Zu dem aktuellen Massaker und den daraufhin erfolgten Attacken auf die Männerbewegung äußerte sich auch die männerpolitische Website A Voice for Men. Ein Auszug:
Anybody with any sense can tell you that non-feminist people number in the billions, and that all moral generalizations about them are simply irresponsible. They are not an organization, not a "movement", but simply a demographic – and incidentally, the majority of the human race. As such, they make a cross-section of human nature. Let that be noted. But mark my words, the feminist Establishment will capitalize on this tragedy to slander the majority of the human race – the part that is not feminist.

(...) We have no evidence yet that Elliott Rodger was anything but apolitical in regard to feminism as such. He was not outspoken about feminism, and he apparently had nothing to say about male human rights in an ideological way.
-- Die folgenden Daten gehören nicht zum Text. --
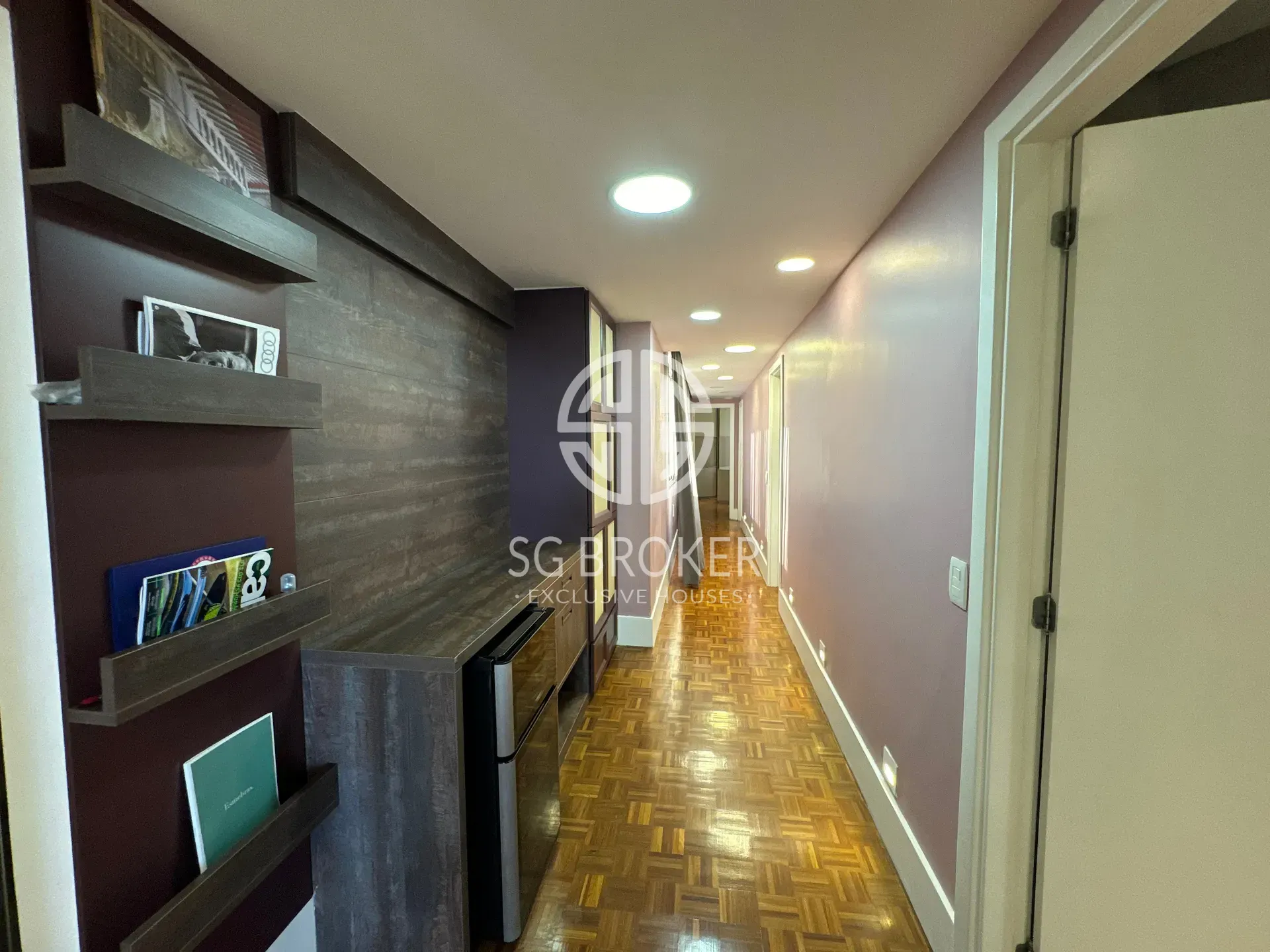 Furnished apartment with open-plan kitchen and 4 bedrooms — photo 35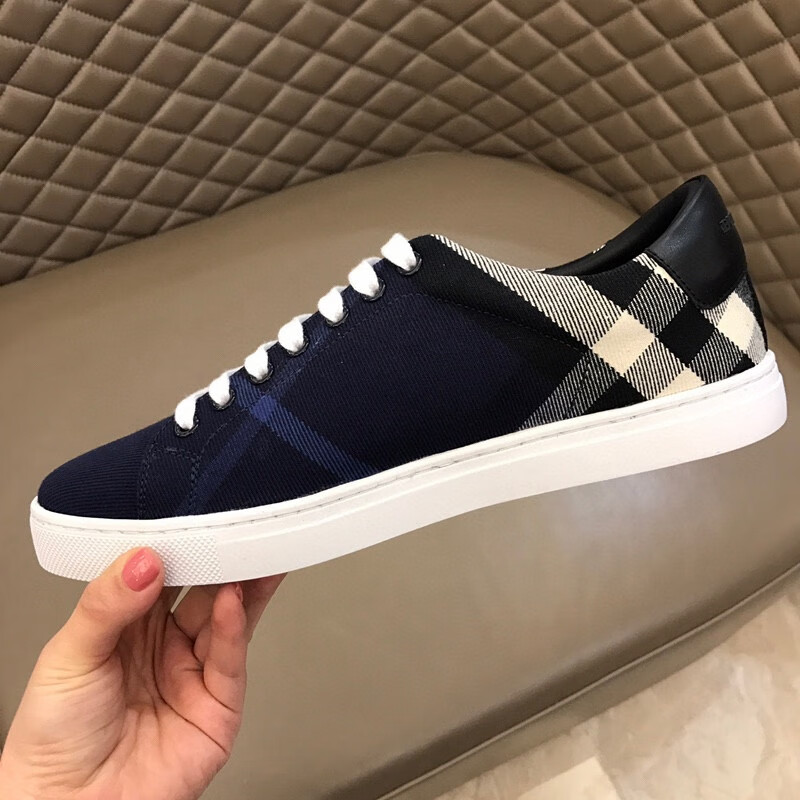 欧洲站巴宝莉经典男鞋低帮春季格子户外休闲帆布鞋奢侈品黑色38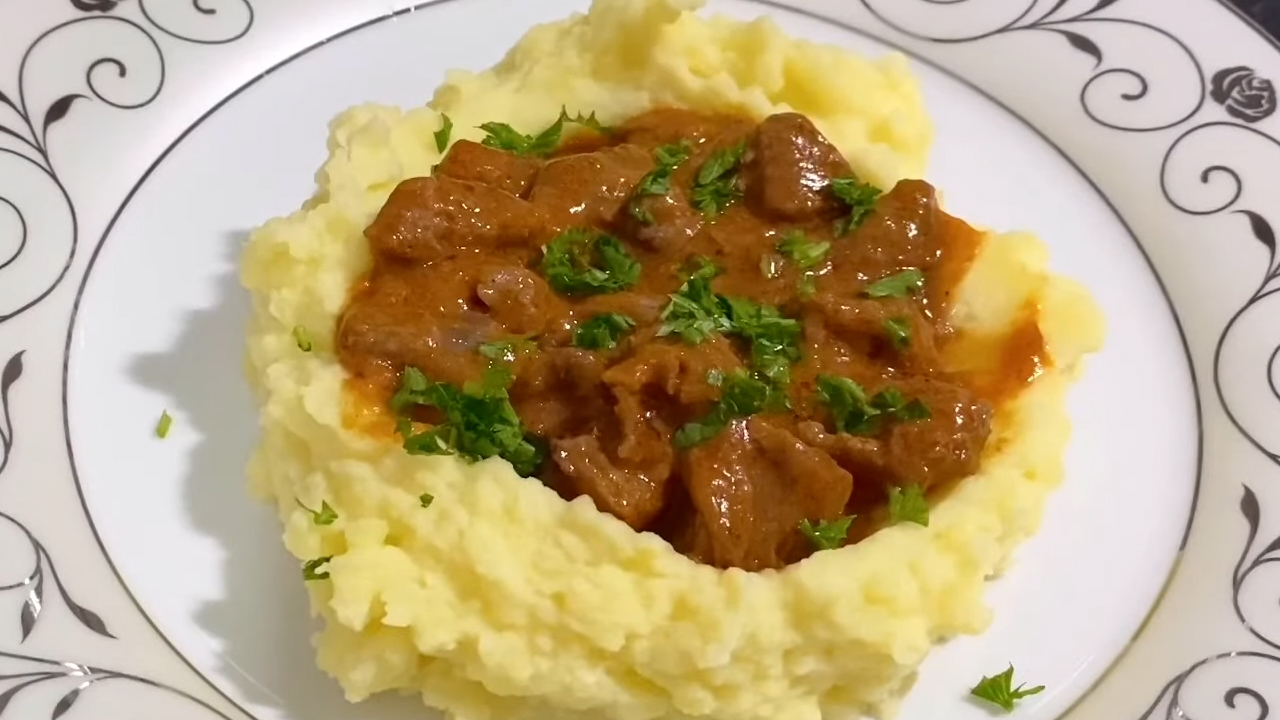 Patates Püresi Yatağında Et Sote Nasıl Yapılır? İşte Patetes Püreli Et Sote Tarifi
He was by no stretch an intellectual with an "analysis". He was only a sexually frustrated chump with mental issues, who apparently "hooked up" with PUA literature, and websites like "the Manhood Academy".

And yet, the feminist journal Daily Kos deliberately links Elliott Rodger with anybody, anywhere, who dares to speak his or her mind critically about feminism. How do they do it? Simple. They tag Rodger and his activities with the label "men’s rights". In the minds of the Daily Kos audience, that is enough to justify a cultural lynching of the entire politically activated non-feminist population. Chillingly simple, isn’t it?


Für mich als Medienwissenschaftler ist dieser Fall einer von zahllosen Fällen, in denen man in den Hinterlassenschaften oder der Lebensgeschichte eines Verbrechers irgendetwas fand, das einen ohnehin störte, um dies dann zu benutzen, zahllose unbescholtene Menschen damit anzugreifen. Wir haben das in den unterschiedlichsten Varianten erlebt, von Heavy-Metal-Musik über SM-Vorlieben und Computerspiele bis zu Neil-Gaiman-Comics. Männerrechtler (und Männer im allgemeinen) sind für viele Menschen aktuell nun einmal der Sündenbock Nummer eins.

Bei den stramm konservativen Fox News hingegen sind homosexuelle Impulse an dem Massaker schuld.